After some time, access to the shiny new tool of choice is granted and you are super excited to get
started. You log into the tool and are greeted with a lovely search bar; how do you proceed from here?

The tool presenting the blank search bar is undoubtedly powerful and feature packed. However, it is often
very difficult to chart a path forward and to harness these powerful features.

Let us put ourselves in the shoes of a SOC analyst who has been placed in front of this proverbial blank
search bar and has been given the task of finding threats proactively in the environment. Where would to begin to
tackle such a task?

The above question provides the basis for this post, guiding how to address the “blank search bar” problem.

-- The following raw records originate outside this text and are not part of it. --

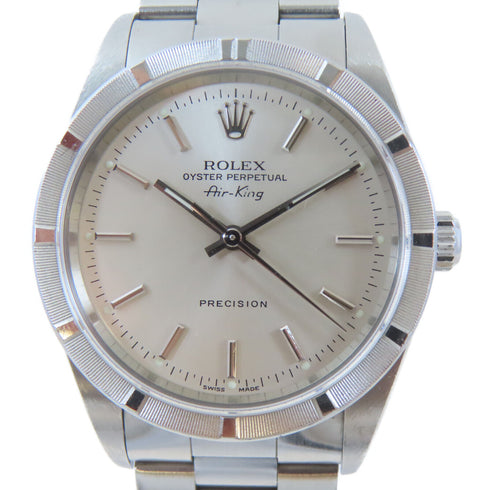 ROLEX Air King Automatic Watch 14010 Stainless Steel Silver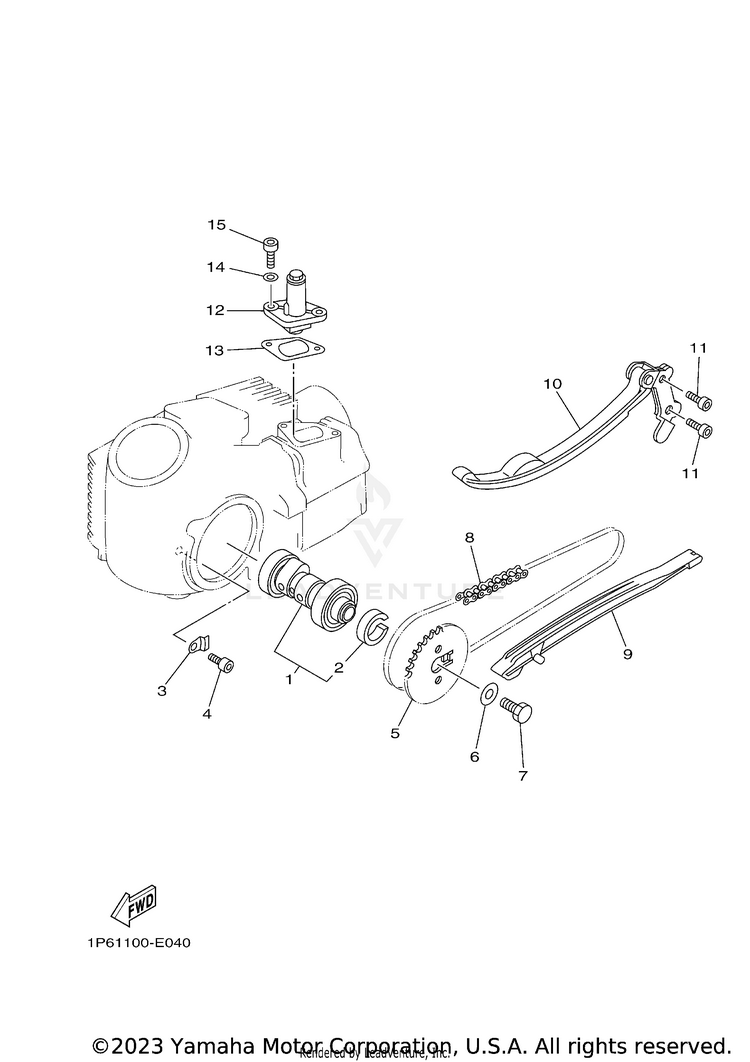 Camshaft & Chain Schematic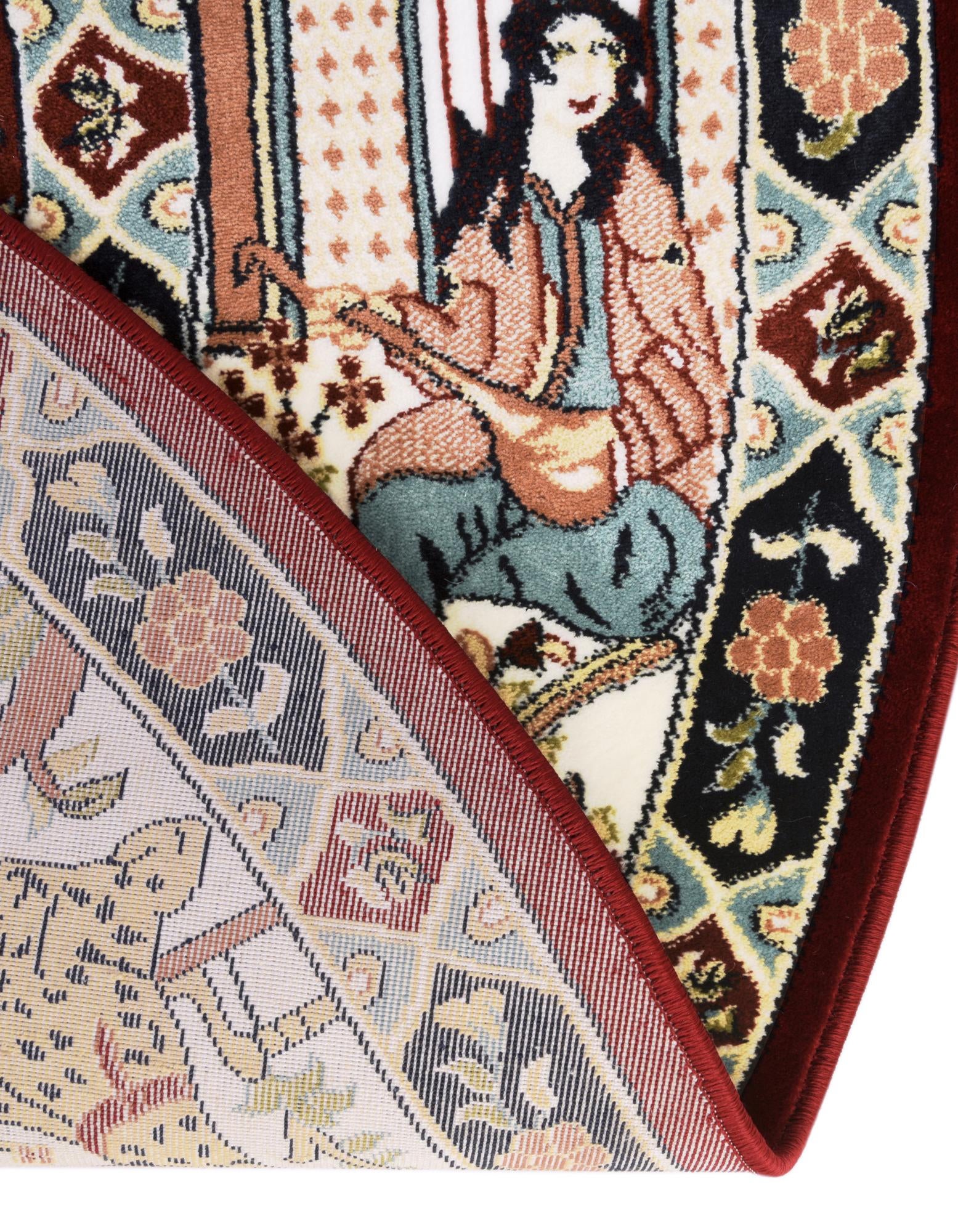 5' 3 x 5' 3 Nain Design Round Rug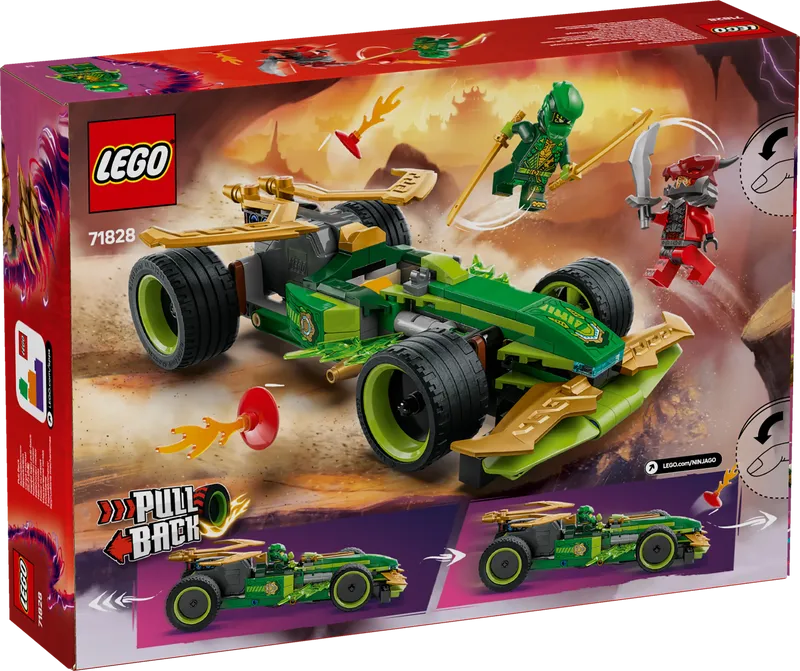 LEGO Lloyds Pull-back racewagen 71828 Ninjago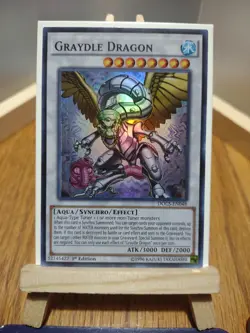 YuGiOh Card Graydle Dragon DOCS-EN048 Super Rare Dimension of Chaos 1st Edition. - Image 1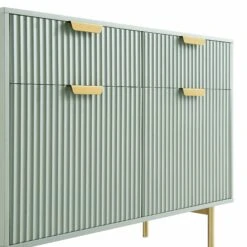 Richmond Ridged 2-Door Cabinet With Drawers, Matte Sage Green -Daals Store BSD 126 SAGE detail1
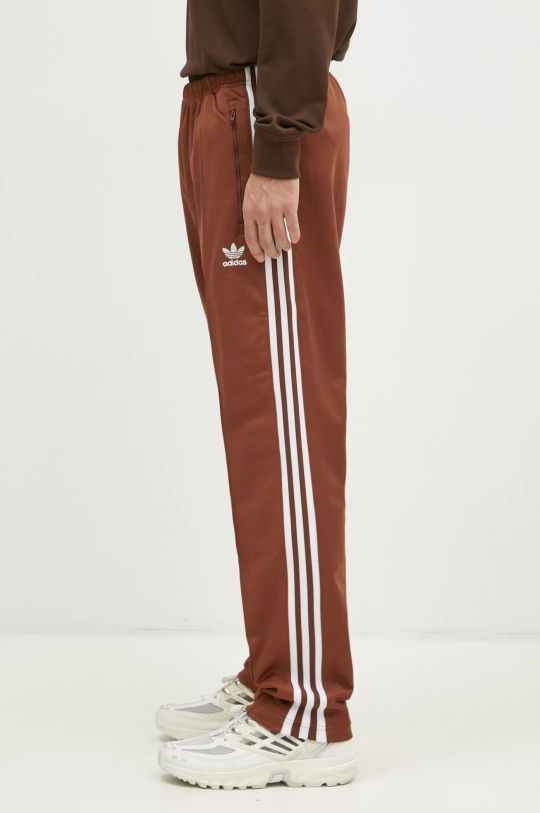 adidas Originals spodnie dresowe Beckenbauer Track Pants IY9877 brązowy AW24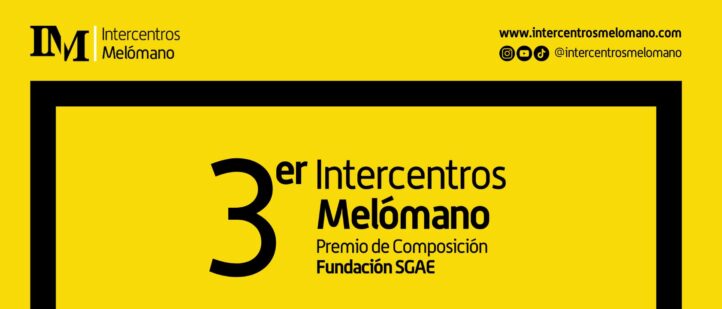 La convocatoria de la 3.ª edición del Intercentros Melómano – Premio de Composición Fundación SGAE ha sido anunciada hasta el próximo 30 de mayo. Este certamen, destinado a alumnos matriculados en el Grado o Máster de Composición, busca impulsar la creación entre los jóvenes.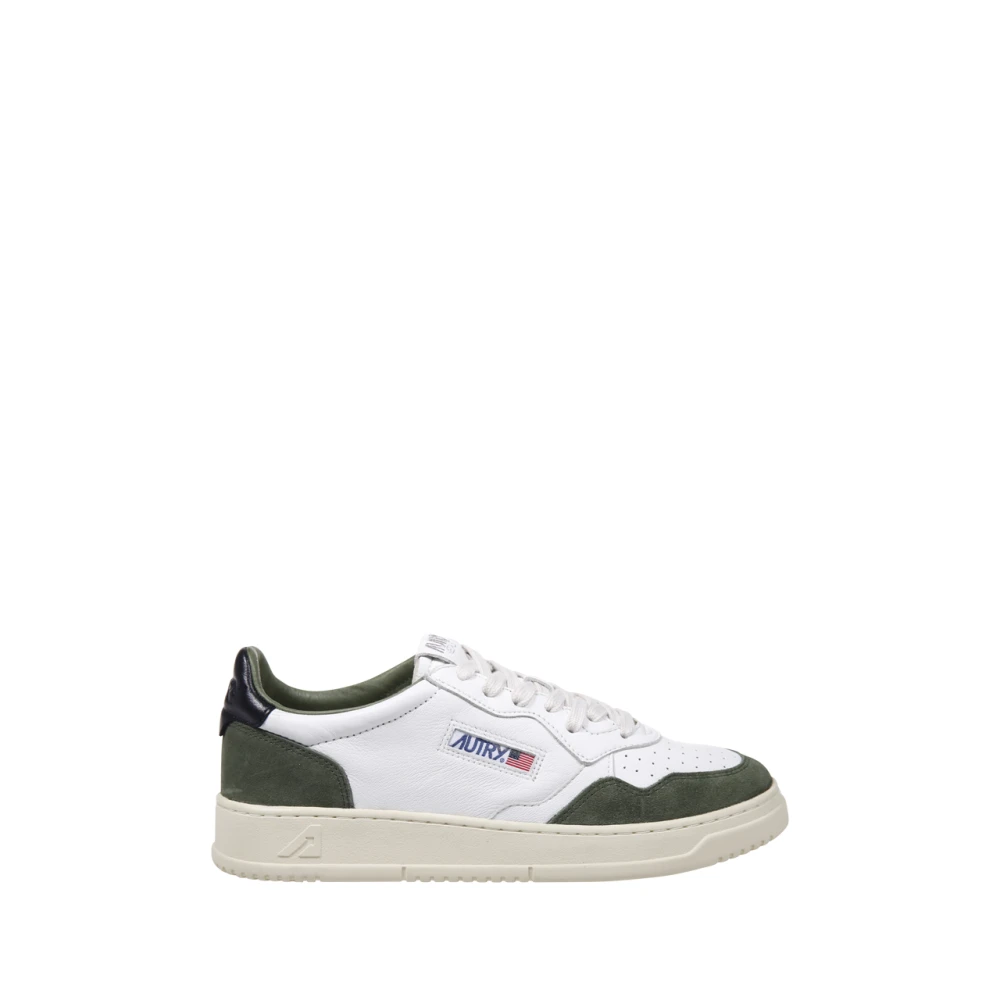 Autry Lage Medalist Sneaker in Zwart Multicolor Heren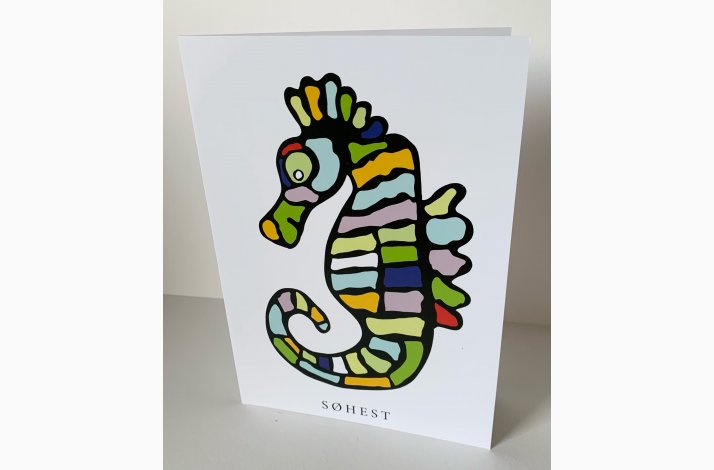 Shest  (sort)   dobbeltkort 21x15 cm
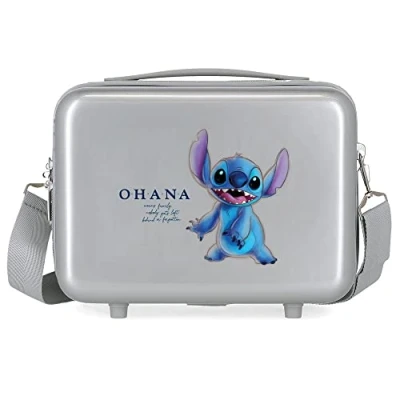 Abbildung von Disney 100 Stitch Adaptable Kulturbeutel, Grau, 29 x 21 15 cm, starres ABS, 9,14 l, 0,63 kg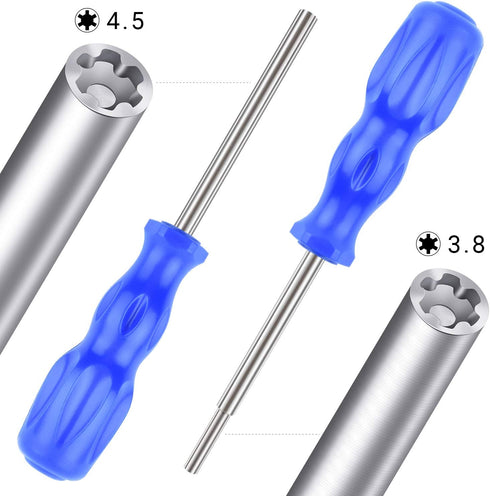 Gamebit Screwdriver Set, Security Screwdriver Bit Set 3.8mm and 4.5mm Security Screwdriver Perfect fit for Virtual Boy, Opening Nintendo, Sega Con...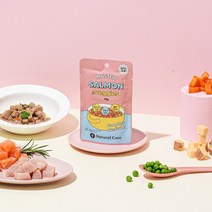 네츄럴코어 강아지 주식형 마이스튜 연어&야채 70g 파우치 습식 사료 피부병 아토피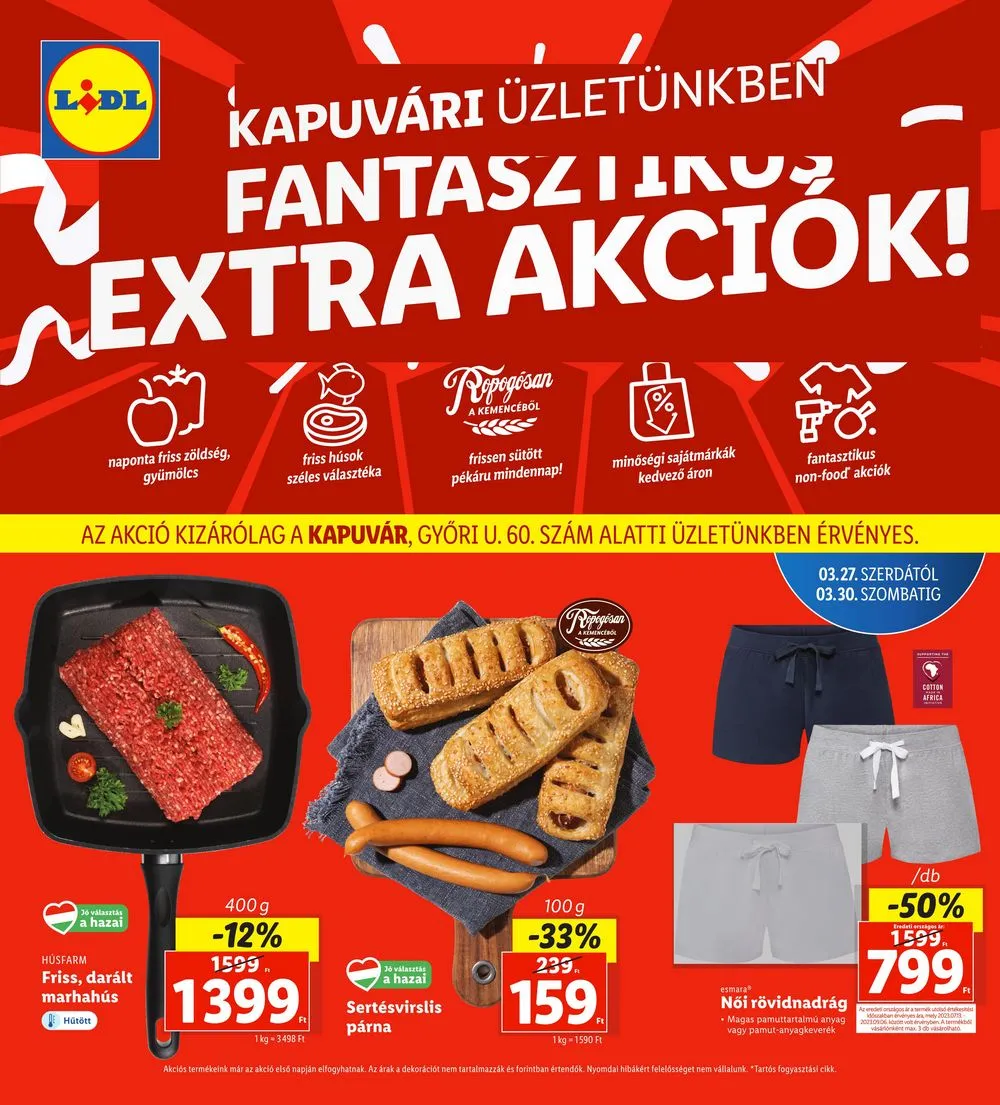 Lidl akciós újság Regionális 03.27–03.03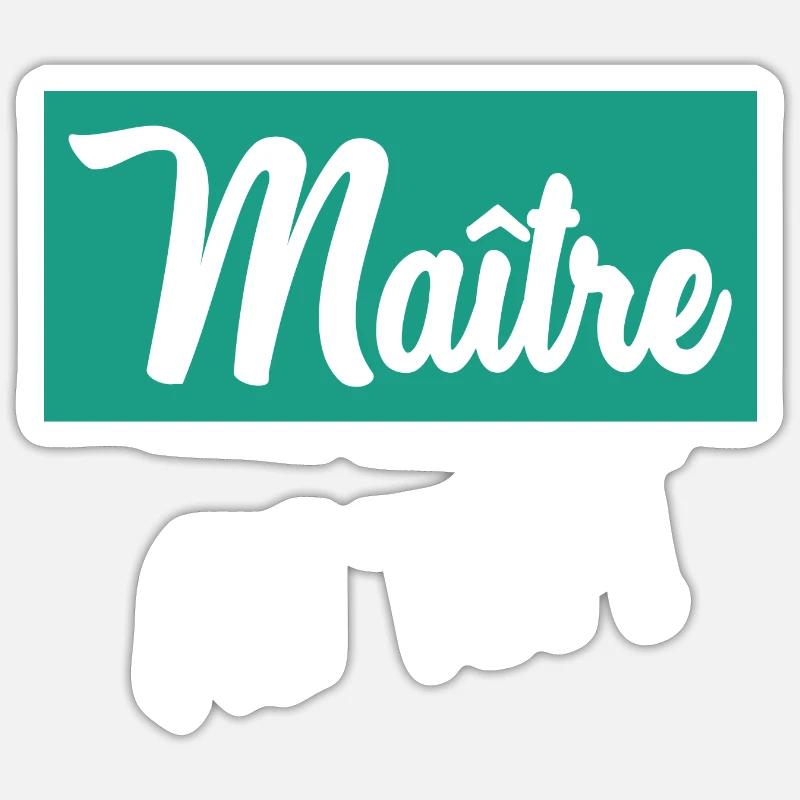MASTER. MASTER - Sticker size S (10 x 10 cm) - white matte
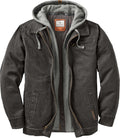 Legendary Whitetails Men's Casual Coat with Hood Waxed Cotton Water in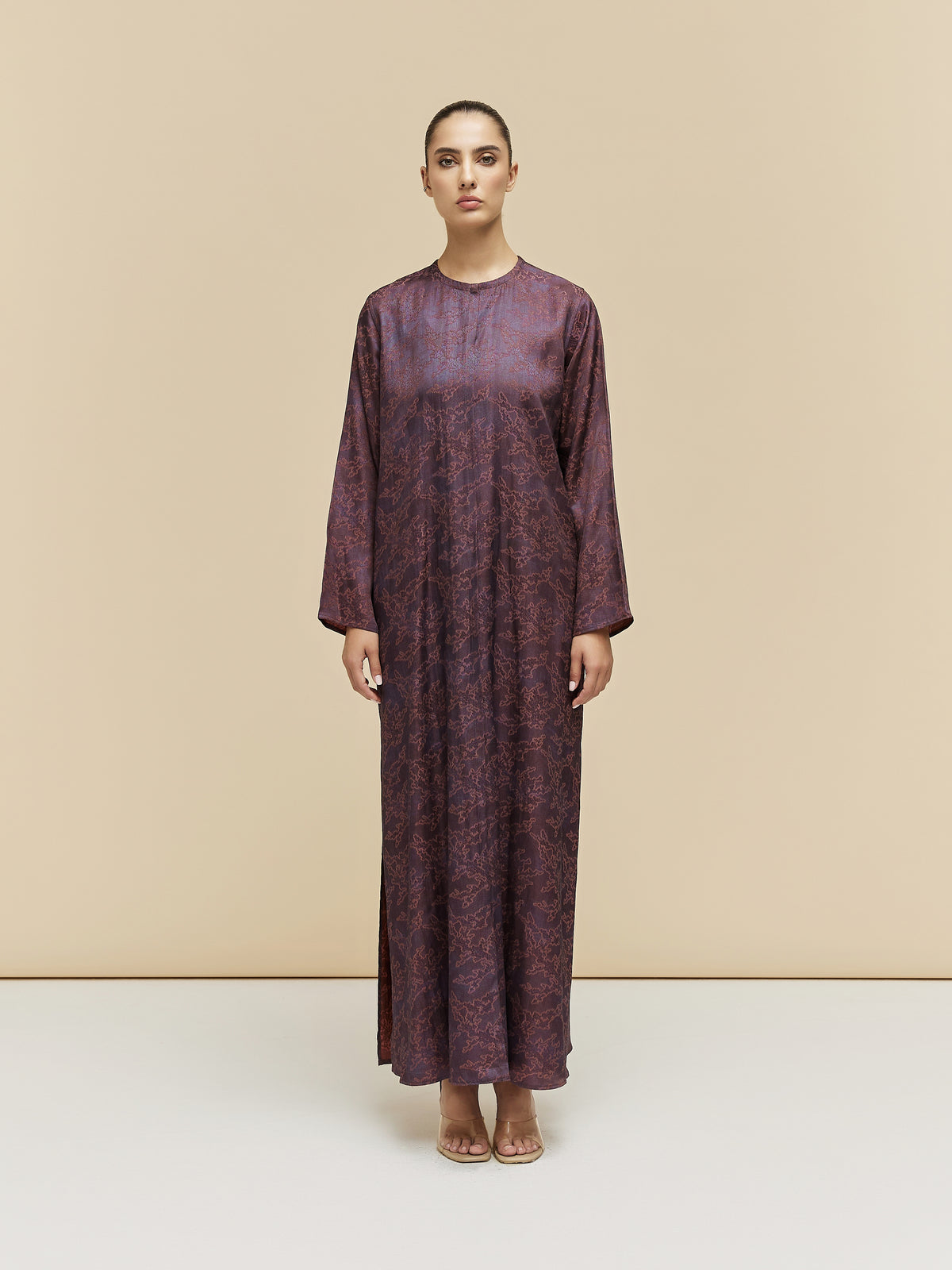 CALISTA - JACQUARD - BROWN BLUE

Before diving into this topic, let us step back for a moment and provide some base definitions for what threat hunting means in the context of this blog
post.

What is threat hunting

Like many terms in the cybersecurity industry, the definition of threat hunting may change depending on the
context and who is providing the definition.

The seminal “TTP-Based
Hunting” paper by MITRE provides several early definitions of threat hunting:

A focused and iterative approach to searching out, identifying and understanding adversaries that have entered the defender’s networks

… the process of proactively and iteratively searching through networks to detect and isolate advanced threats that
evade existing security solutions.

the proactive detection and investigation of malicious activity within a network

A few key themes shake out from these definitions:

Iteration
Proactive
Detect and investigate

In plain language, rather than waiting for your EDR or tool of choice to flag malicious
activity, threat hunting warrants that “hunt teams” proactively search for and detect such threats where they are
investigated. The process is also iterative, meaning one hunt engagement can feed into another.

Threat hunting engagements can be kicked off through many “inputs” – be it a threat report, a hypothesis of
some kind, a newly released technique or just simply a hunch.

In this blog post, we will be focusing on hypothesis-based threat hunting, where we articulate a hypothesis
and aim to prove or disprove it using the data that are available to us.

Why the command line

Now that we have defined what threat hunting is, let us dive deeper into the command line and articulate
why this particular data item is a fantastic starting point for threat hunting journeys.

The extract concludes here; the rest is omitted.